Other than that, the biggest surprise was the exclusion of our record signing, Alexandre Lacazette. Not sure just who it was who got the nod in front of him (out of Iwobi, Ozil, Alexis the Nigerian seems most likely due to experience, but Ozil and Sanchez have not exactly been inspired recently), but his consolation goal proves the Frenchman really should be the first name on the team sheet.
Better, But Not There Yet
Was anyone else dreading another heavy defeat? I personally kept getting flashbacks to 8-2 and 6-1 before the game, so, despite the criticisms I have, I’m almost relieved it was only a 3-1 loss.

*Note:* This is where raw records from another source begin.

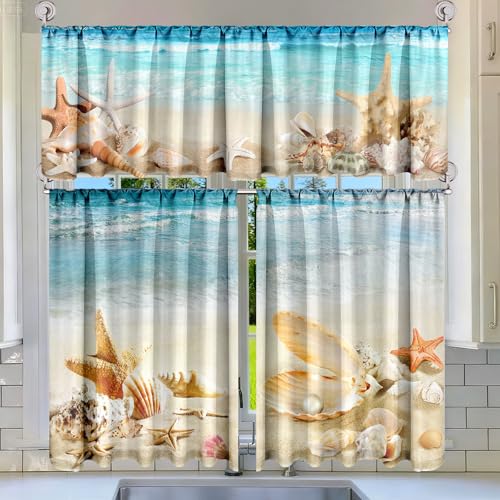 Breling 3 Pcs Beach Kitchen Curtains Valances and Tiers Set for Windows Coastal Starfish Shell Decor Short Curtain Set for Bedroom Summer Seaside Tropical Window Treatment Decor Party Favor Supplies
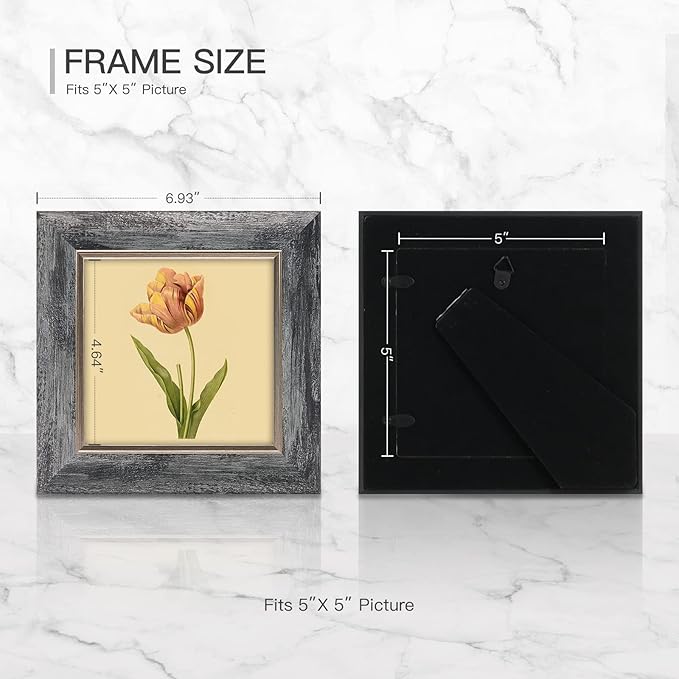 XUANLUO 5x5 Picture Frames Set of 4 Rustic Retro Photo Frame with HD Plastic Cover for Wall Mount and Tabletop Display Family Friends Wedding Gift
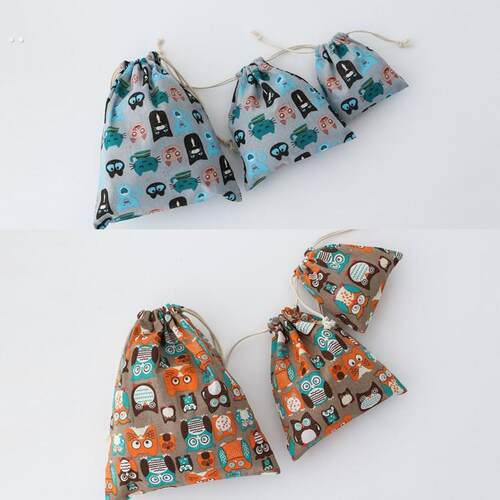 手工收纳袋抽绳袋双抽袋动物手绘收纳袋厂家家用商用束口袋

The team’s early-season crisis yielded a worse loss to a worse opponent, Liverpool by 4-0, so by that metric the team is gaining some ground. There were mental errors, but Arsenal didn’t go hiding or hang their heads when mistakes were made.
During other, more famous, away losses the team seems to give up. We need only to look back to the spring when the Gunners lost 10-2 on aggregate to Bayern Munich, 5-1 in both matches. In both those games, the team went into halftime with a chance at a result.
However, both legs ended the same way as various other trips to top-notch opposition did, in defeat. There was no such loss of backbone at the Etihad.
In fact, one or two of the lost yellows were earned because Arsenal were at least trying to press their hosts to win the ball back. Even if it was not successful, the boys were at least trying hard to get back into the match.
Their pressing game was also not up to par. On countless occasions, one or two players would press hard on the Citizens’ back line, only to look around and find that they are alone.
While that doesn’t really say a lot about Arsenal, it shows they were trying, even if the execution was poor. Likely the fact Alexis is just playing for himself doesn’t help, nor does Ozil’s (perceived) bad attitude in general.
Perhaps choosing players dedicated to the cause would produce better results than selecting highly-paid, poorly-motivated stars.
The road is still long to get back into the top four, and contention for the League. However, yesterday’s loss may provide a sort of benchmark for the minimum effort the team needs to give.
If that same work ethic is applied to away games in, say, Stoke or Watford, results will follow.